DATA:

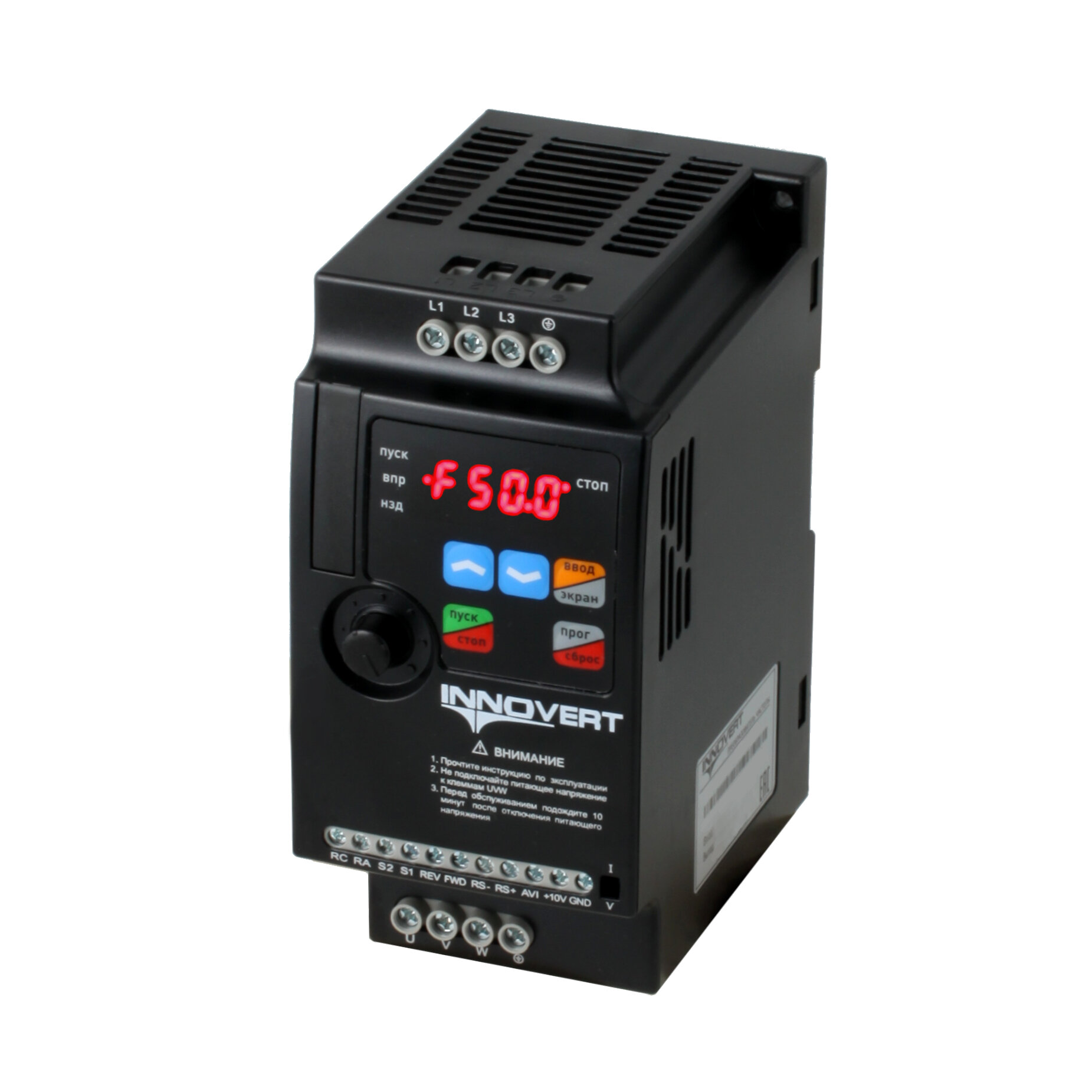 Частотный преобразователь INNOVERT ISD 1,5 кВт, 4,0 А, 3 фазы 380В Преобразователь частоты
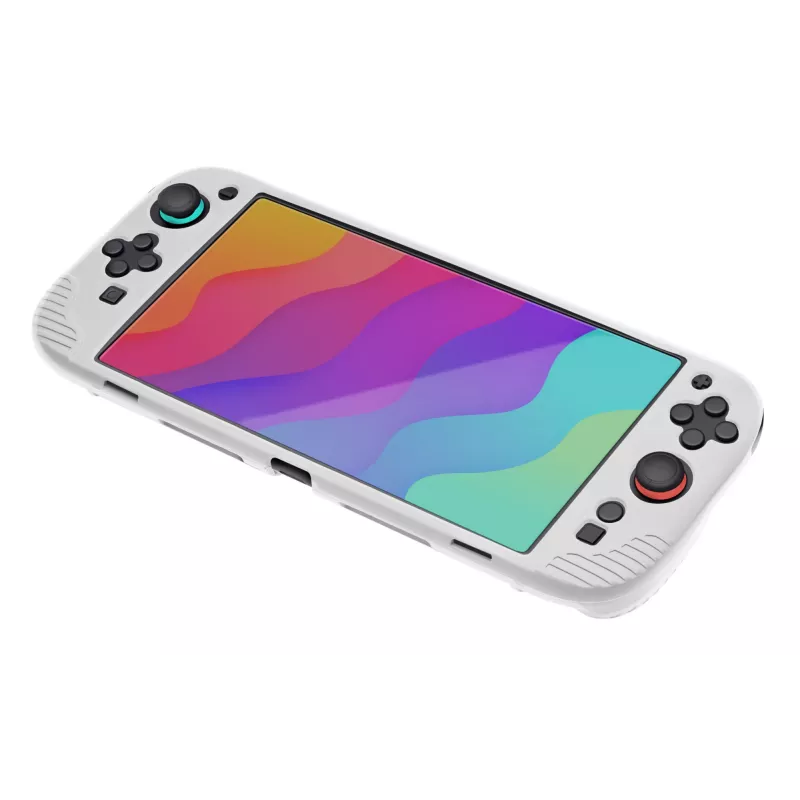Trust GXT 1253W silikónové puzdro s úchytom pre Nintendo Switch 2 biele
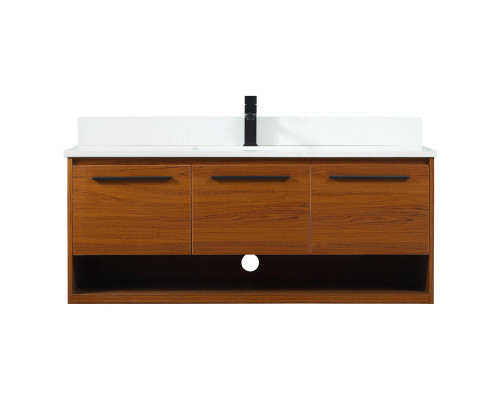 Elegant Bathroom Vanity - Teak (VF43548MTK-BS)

ACTIVITY: Return all the lines above exactly; none of the pictures should appear.

SOLUTION FOR THIS PROBLEM:
 Частотный преобразователь INNOVERT ISD 1,5 кВт, 4,0 А, 3 фазы 380В Преобразователь частоты
Trust GXT 1253W silikónové puzdro s úchytom pre Nintendo Switch 2 biele
 Elegant Bathroom Vanity - Teak (VF43548MTK-BS)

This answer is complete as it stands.